L’état grec doit 8 milliards d’euros à ses fournisseurs qui, à leur tour, sont incapables de payer leurs factures et leurs salariés.

Les banques grecques ont subi de fortes pertes du fait de la restructuration de la dette et sont fondamentalement incapables de fournir des crédits à l’économie au bord de la récession.

En bref, toutes ces petites choses qui font qu’une société appartient au monde développé – c’est-à-dire, où il est possible de trouver du carburant pour votre voiture dans une station-service locale, qui dispose de soins de santé appropriés, de chauffage central, où l’on ressent une certaine sécurité, au sein de laquelle il est possible de trouver un emploi – sont menacées en Grèce, mettant à mal le mythe des Grecs se payant du « bon temps » avec l’argent des contribuables européens.

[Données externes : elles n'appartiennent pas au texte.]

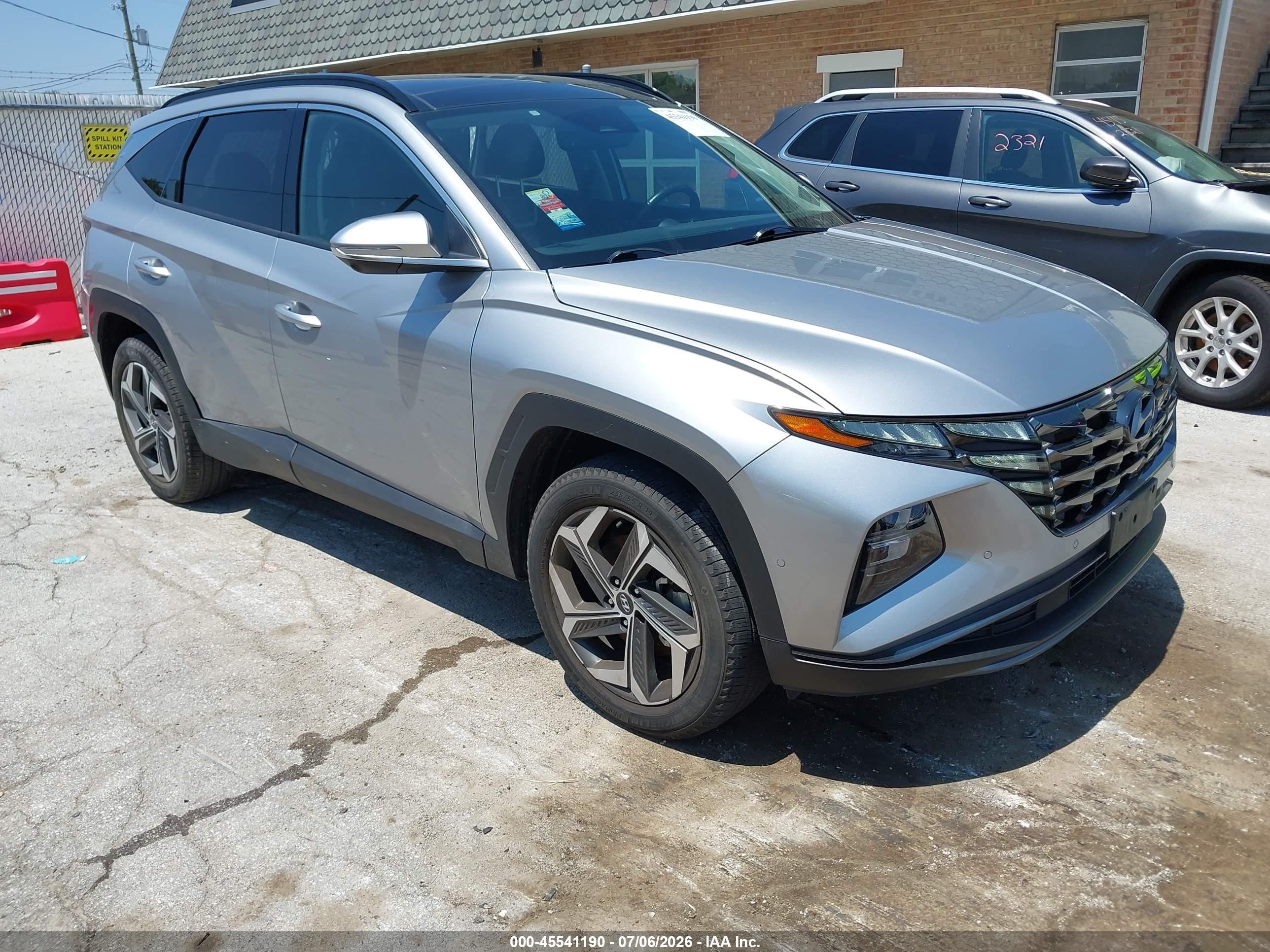 2023 Hyundai Tucson VIN 5NMJECAE8PH171865 — IAAI salvage auction photo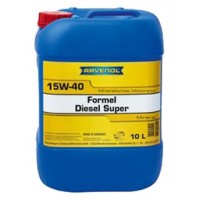 Formel Diesel Super SAE 15W-40 минеральное моторное масло для дизельных двигателей 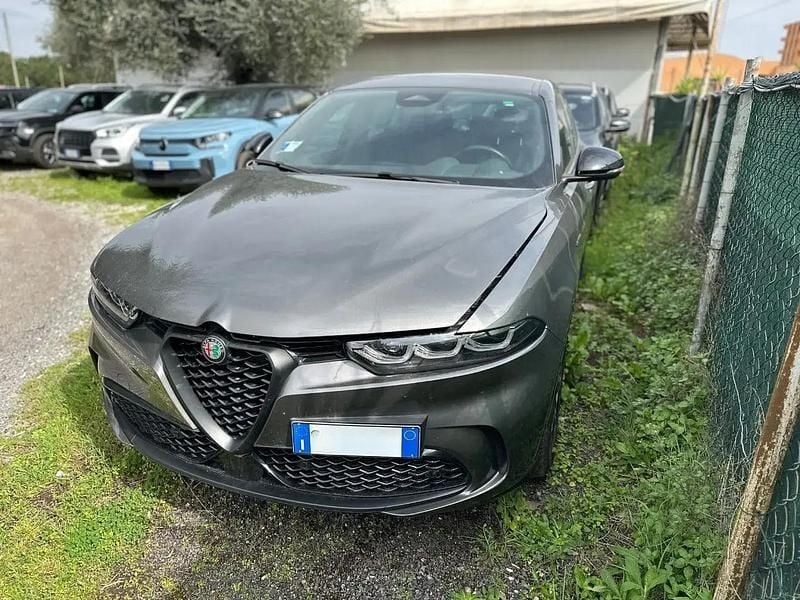 Usata Alfa Romeo Tonale Veloce 160 CV (117 kW) 2024 Grigio SUV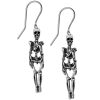 comparez les prix Alchemy Metal-Wear Boucles D’Oreilles ‘Skeleton’ 5
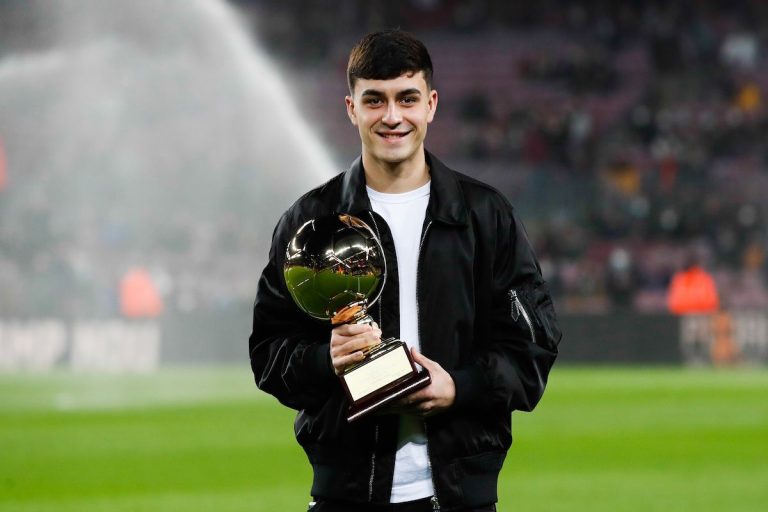 Pedri a rayonné le milieu du Barça.
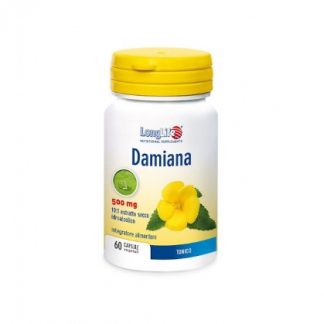 Longlife Damiana 60 капсул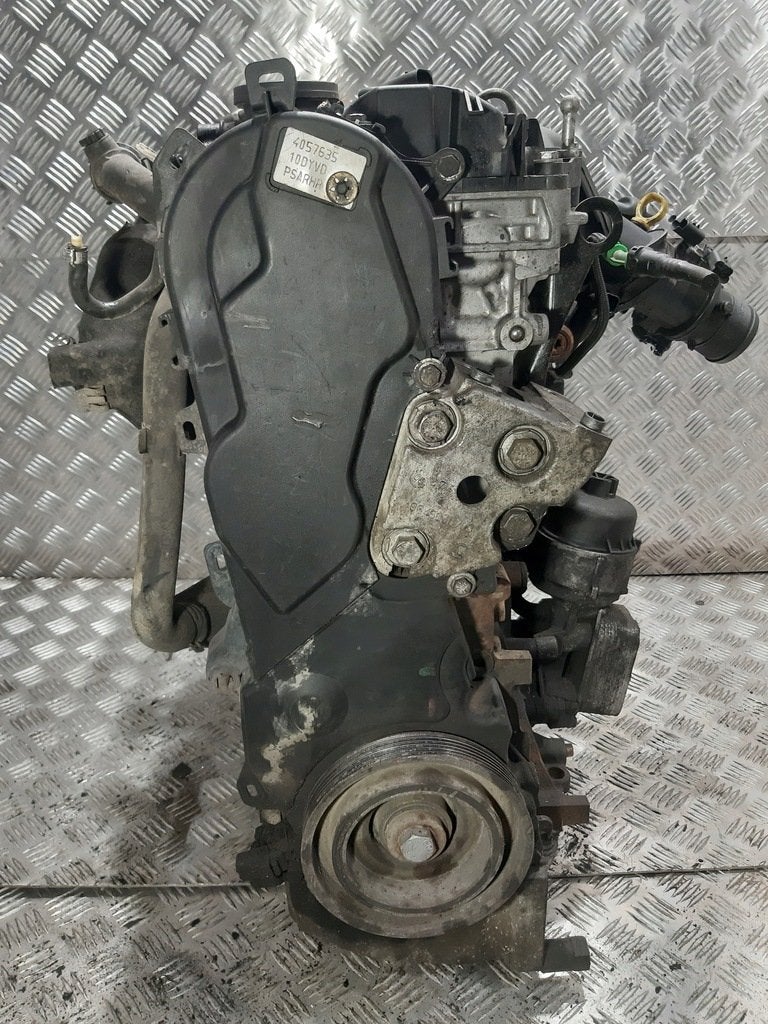 Moteur RHR Nu PEUGEOT 307, Envoi, Utilisé, Daihatsu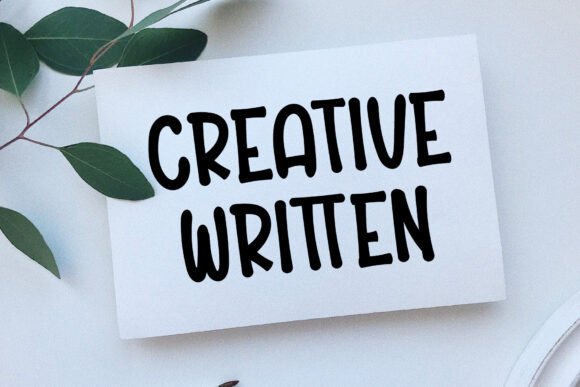 Handwork Font - Preview 1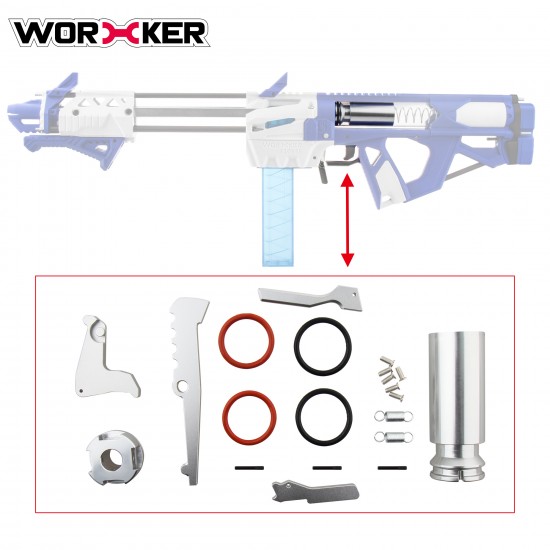 Worker Caliburn Metal Upgrade Kit Worker Caliburn Metal Upgrade Kit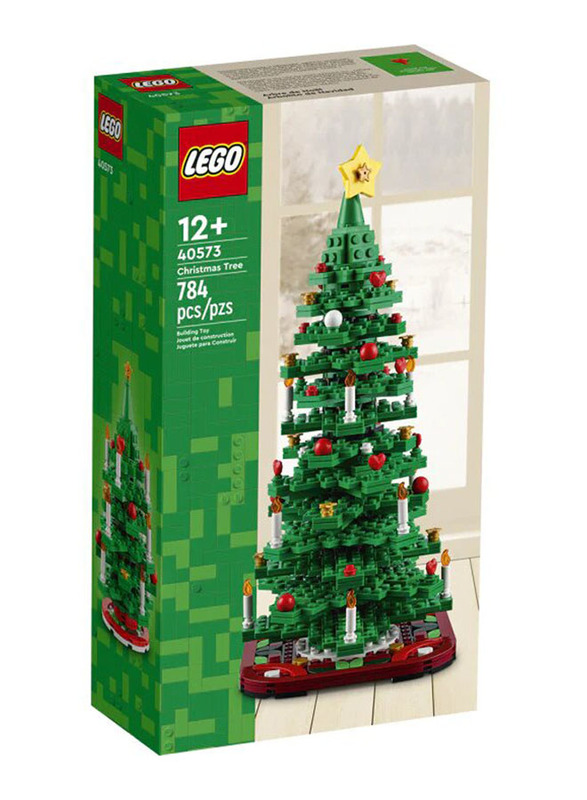 Lego 40573 Christmas Tree Building Set, 784 Pieces, Ages 12+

 Tout ceci n’a pas pour objectif de laisser croire que les problèmes grecs – la mauvaise gestion des finances publiques, la confiance excessive en la consommation publique et privée, l’absence de moyennes et grandes entreprises orientées sur l’exportation, le pourcentage extrêmement élevé de travailleurs indépendants, la faible concurrence, la fraude fiscale et les capacités administratives incroyablement faibles – sont négligeables.

Mais les clichés limites racistes que nous servent la presse à scandale et les hommes politiques allemands et hollandais n’apportent rien au débat, ni ne contribuent aux efforts pour surmonter ces difficultés.

Au contraire, ces commentaires affaiblissent la légitimité de politiques censées de l’Union européenne en Grèce, confortent l’extrême droite et alimentent les extrémismes anti-européens dans le pays.